Wang v. Blinken Nixes Any Hope for Excluding the Counting of Family Members in the Green Card Caps
By Cyrus D. Mehta and Kaitlyn Box*
On July 9, 2021, the U.S. Court of Appeals for the D.C. Circuit issued its opinion in Wang v. Blinken, No. 20-5076 (D.C. Cir. 2021), interpreting INA § 203(d) to include the counting of derivatives toward the EB-5 investor cap. The Plaintiffs in the case are a group of EB-5 investors who would have been able to adjust status long ago if not for the lengthy backlogs in the EB-5 China, and subsequently Vietnam, categories caused by counting derivative family members against the EB-5 cap.
In a previous blog, we discussed the case at the District Court Level, where Plaintiffs’ primary argument was that nothing in the language of INA § 203(d), which states that “[v]isas shall be made available, in a number not to exceed 7.1 percent of [the 140,000 employment-based] worldwide level, to qualified immigrants seeking to enter the United States for the purpose of engaging in a new enterprise…..in which such alien has invested” a qualifying amount of capital, and which will create at least 10 jobs for U.S. workers, requires derivative family members to be counted against the cap. Instead, spouses and children, under INA 203(d) are “entitled to the same status and the same order of consideration provided in the respective subsection, if accompanying or following to join, the spouse or parent.”
Plaintiffs also argued that Congress intended to exempt derivative family members from the numerical caps when it changed the relevant regulatory language in the Immigration Act of 1990. Prior to 1990, the “same status, and the same order of consideration” language as it pertains to derivative family members appeared in a section describing which immigrants “are subject to the numerical limitations”, but in 1990 this provision was shifted to a new section entitled “Treatment of Family Members”. Plaintiffs argued that this change indicated an intent on the part of Congress to subject only EB-5 investors, and not their spouses and children, to the numerical cap.

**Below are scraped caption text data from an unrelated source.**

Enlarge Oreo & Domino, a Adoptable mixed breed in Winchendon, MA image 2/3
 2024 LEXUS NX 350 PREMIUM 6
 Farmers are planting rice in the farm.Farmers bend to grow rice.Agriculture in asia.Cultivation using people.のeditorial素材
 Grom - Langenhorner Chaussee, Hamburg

The Court, however, disagreed with this reasoning. Judge Walker, who authored the opinion, interpreted the key phrase “same status” to mean that because an EB-5 investor’s family members get the same type of visa as the principal, they must also be counted against the cap, and reasoned that “same order of consideration provided in the respective subsection,” which refers to the worldwide cap on employment-based visas, further indicates that spouses and children of EB-5 investors are subject to the cap.
The Court’s decision in Wang v. Blinken comes as a deep disappointment to the many immigration attorneys who had hoped that the Biden administration could reinterpret INA § 203(d) to support either not count derivatives at all or counting family units as one. We have long taken the position that not counting derivatives under the preference quotas would be consistent with INA § 203(d). See, for example, our blogs on The Tyranny of Priority Dates in 2010, How President Obama Can Erase Immigrant Visa Backlogs With A Stroke Of A Pen in 2012, and The Way We Count in 2013. The Biden administration solicited recommendations on how to remove barriers and obstacles to legal immigration, and unitary counting of derivatives, an idea which our firm proposed, would have done much to serve this goal by relieving the decade-long backlogs. If the Biden administration wanted to reform the immigration system through executive actions, reinterpreting the law to not count derivatives in the green card categories would have been a good first step, along with not opposing the plaintiffs in Wang v. Blinken. Sadly, though, the administration did not choose to go in this direction, and the Court’s decision in Wang v. Blinken is likely a death knell for other, future lawsuits that would make similar arguments under other employment or family-based visa categories.
While the Court’s decision in Wang v. Blinken can still be appealed to the Supreme Court, a positive outcome is not likely given the conservative majority on the Supreme Court, which has adopted a pseudo textualist approach to interpreting immigration statutes. For instance, the Supreme Court in Sanchez v. Mayorkas also recently strictly interpreted INA § 244(f)(4) to hold that the grant of Temporary Protected Status did not constitute an admission thus allowing recipients to adjust status in the US. Even if different plaintiffs could get a favorable decision in another circuit, the Supreme Court would likely rule on the circuit split anyway. Particularly as it has Chevron deference on its side, the government is likely to prevail in any litigation scenario. And even if the Biden administration later changes its mind and decides to adopt a nationwide policy to not count derivatives, it would be precluded from implementing this policy for people living within the jurisdiction of the D.C Circuit. Perhaps a better way forward would be convincing Congress to explicitly state that derivative family members will not be counted against the cap under INA § 203(d). Passing such an amendment would be extremely difficult in a divided Senate, but one idea is to pass a measure through the reconciliation procedure that requires only a simple majority, rather than a filibuster-proof majority in the Senate.
(This blog is for information purposes, and should not be relied upon as a substitute for legal advice).
* Kaitlyn Box graduated with a JD from Penn State Law in 2020, and works as a Law Clerk at Cyrus D. Mehta & Partners PLLC.